---------- EXTRACTED ENTRIES ----------

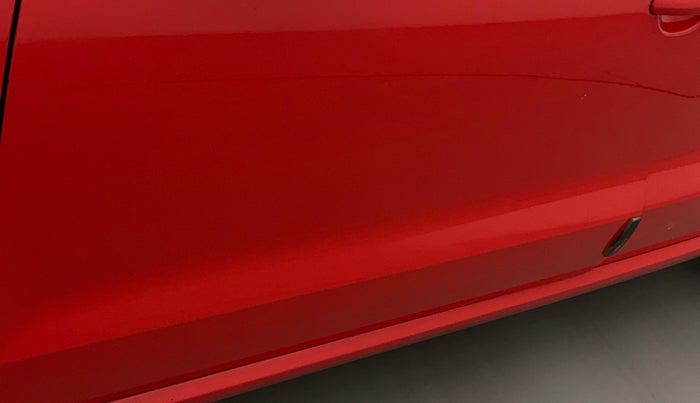 2016 Volkswagen Polo HIGHLINE1.5L, Diesel, Manual, 86,963 km, Front passenger door - Minor scratches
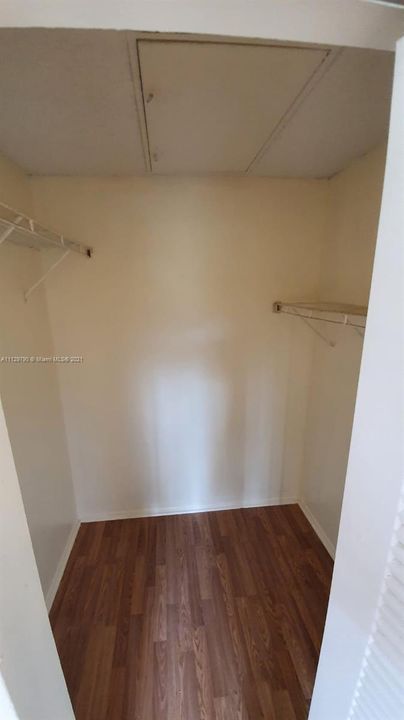 Recently Rented: $1,400 (2 beds, 1 baths, 708 Square Feet)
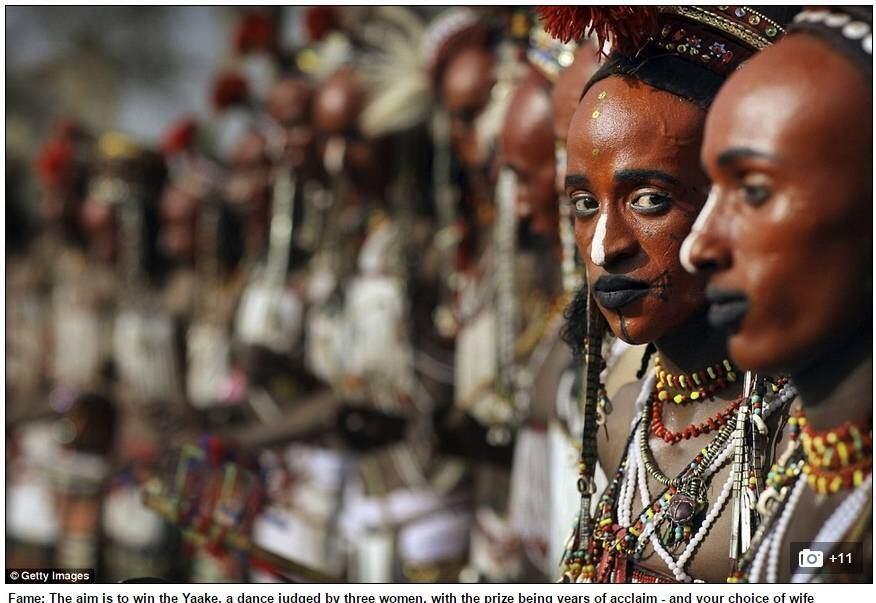 Depois de meses viajando através de quilômetros de deserto
árido, o festival Gerewol é a chance para eles se unirem para um festival de música e dança, que dura sete dias e sete noites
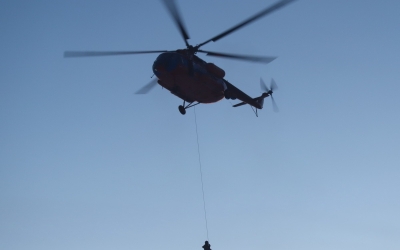 В Якутии спасли двух мужчин, лодка которых застряла во льду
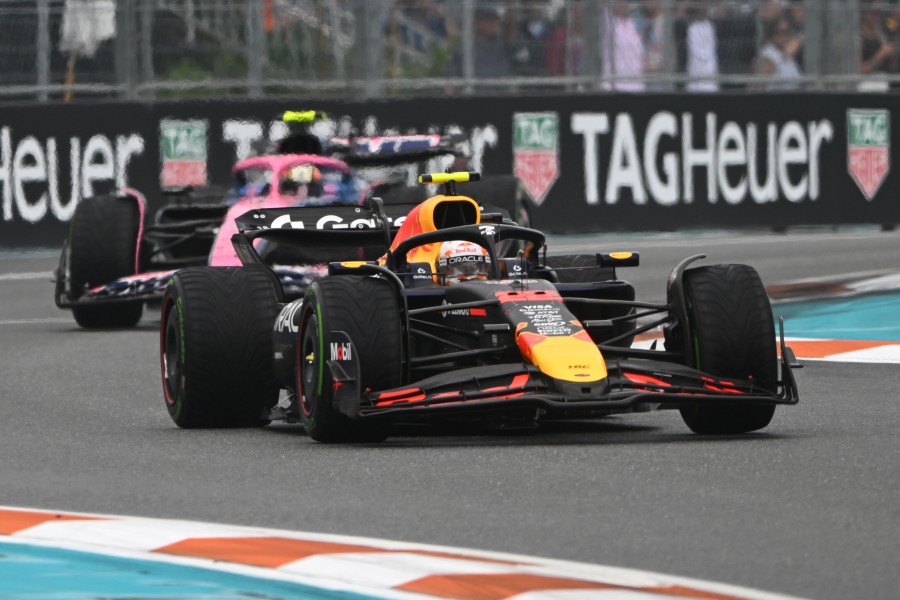 【続報】角田裕毅が7位に繰り上がり！アルボンにSC違反で2ポイント獲得／F1マイアミGPスプリント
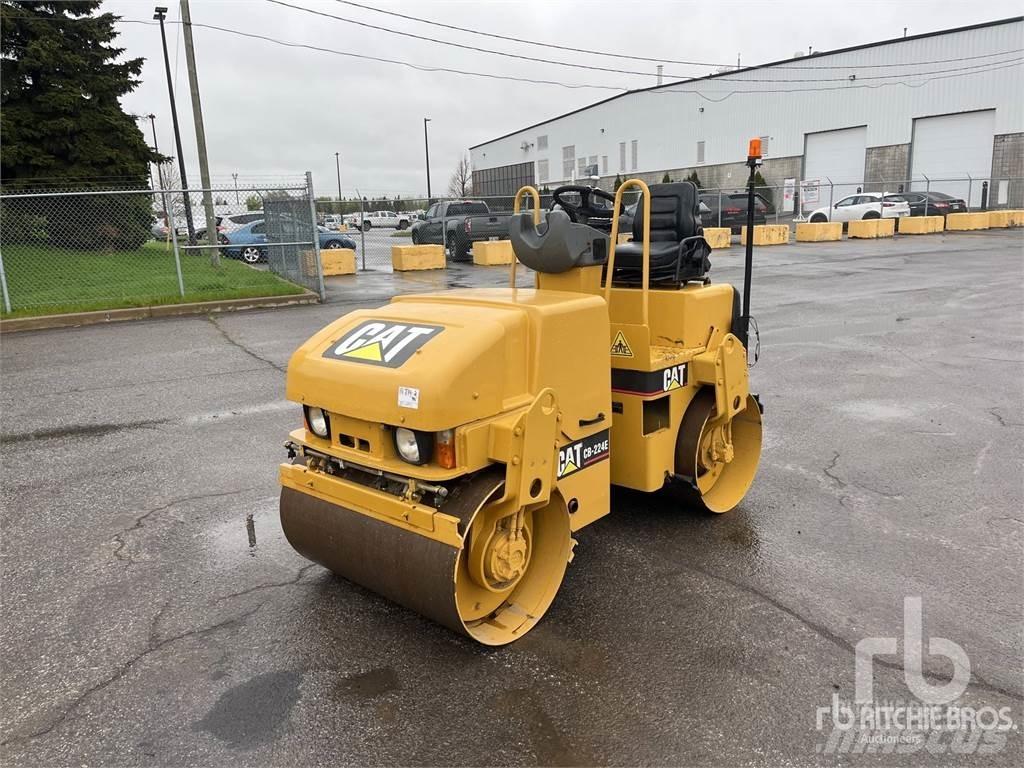 CAT CB-224E Valjci sa duplim bubnjem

----------

**PROMPT:** Exact lines, nothing more: output the one with "Depois de meses" and every later line through the end of the data, skipping pictures.

**TASK ANSWER:**
 Depois de meses viajando através de quilômetros de deserto
árido, o festival Gerewol é a chance para eles se unirem para um festival de música e dança, que dura sete dias e sete noites
 В Якутии спасли двух мужчин, лодка которых застряла во льду
 【続報】角田裕毅が7位に繰り上がり！アルボンにSC違反で2ポイント獲得／F1マイアミGPスプリント
 CAT CB-224E Valjci sa duplim bubnjem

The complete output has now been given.